C’est le déjeuner d’anniversaire de ma fille cadette. Nous sommes huit dont quatre buveurs. L’apéritif est composé de gougères et de deux tartes à l’oignon. Le Champagne Henriot Cuvée des Enchanteleurs 1998 a eu un beau pschitt à l’ouverture et sa couleur ne montre aucun signe d’âge. Ce champagne est d’une belle sérénité. Il est rassurant. Il n’a pas l’émotion et la vibration du 1996 que j’adore, mais il est très agréable.

Le Champagne Rare de Piper-Heidsieck 1979 a une bouteille d’une grande beauté et de belle élégance. Le pschitt était présent à l’ouverture mais discret. La couleur est nettement ambrée. La première gorgée est saisissante. L’acidité est vive et entraînante. Et les goûts se succèdent en strates. C’est un festival de complexités. Ça bouge en bouche ! Quel grand champagne aux saveurs inconnues. On se régale.

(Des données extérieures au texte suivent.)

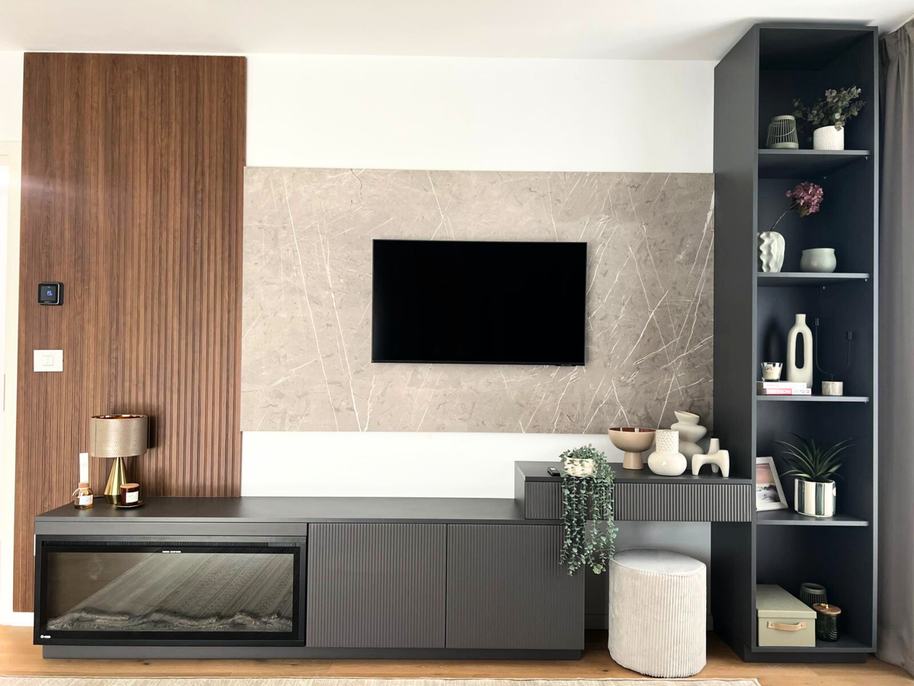 Mobilier pentru living realizat la comandă de NORVINIA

Le menu est simple : poulet rôti et écrasé de pommes de terre / fromages camembert Jort, saint-nectaire, époisses, brebis / mangues crues et dessert au chocolat et aux noisettes.

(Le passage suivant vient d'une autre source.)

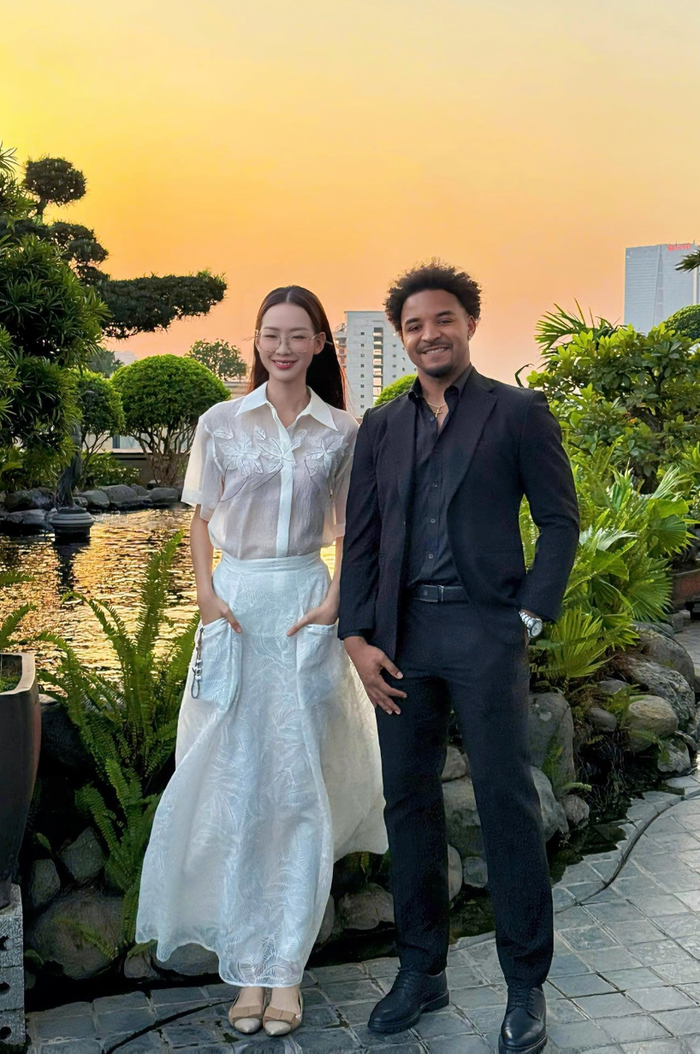 Showbiz 24h: Lần hiếm hoi Hoa hậu Bảo Ngọc đứng chung khung hình cùng cầu thủ Nguyễn Xuân Son. Ảnh: FBNV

Le Corton Renardes Michel Gaunoux 1974 est un vin que je connais par cœur et qui me surprend toujours par sa pertinence. Il a des accents salés très proches de ceux du domaine de la Romanée Conti et il est rêche comme savent l’être les bons vins bourguignons des années discrètes. J’adore ce vin qui est une des plus belles réussites de ce millésime en Bourgogne. Avec le poulet l’accord est parfait, la belle sauce lui apportant de l’énergie.

Le Grignolino S. Astibarbera 1974 est un vin de table de la région d’Asti. Je l’ai choisi pour son année qui est celle de ma fille. Il titre 12,3° d’alcool et sa bouteille est de 72 centilitres. Originalité des chiffres. Sa couleur est assez foncée et en bouche on ressent un degré d’alcool plus élevé que celui annoncé. Ce qui me frappe, c’est que ce vin italien a tout d’un vin algérien, car le goût de café est très marqué. Ce vin simple me plait beaucoup. Il va s’accorder avec les fromages de belle façon. C’est une belle surprise.

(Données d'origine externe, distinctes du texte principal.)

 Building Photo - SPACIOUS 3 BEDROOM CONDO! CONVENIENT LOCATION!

Il reste dans le réfrigérateur des vins doux qui avaient été ouverts avant les vacances d’été. Pour le dessert au chocolat c’est tentant de les essayer. Le Madère Sec Joâo Marcello Gomez probablement des années 50 a gardé une belle énergie et se boit bien.

En revanche le Sherry du Cap 1862 s’est affadi et a perdu son caractère brillant. Il est temps d’oublier cette bouteille. Ce repas d’anniversaire, empli de rires et d’affection est un grand bonheur.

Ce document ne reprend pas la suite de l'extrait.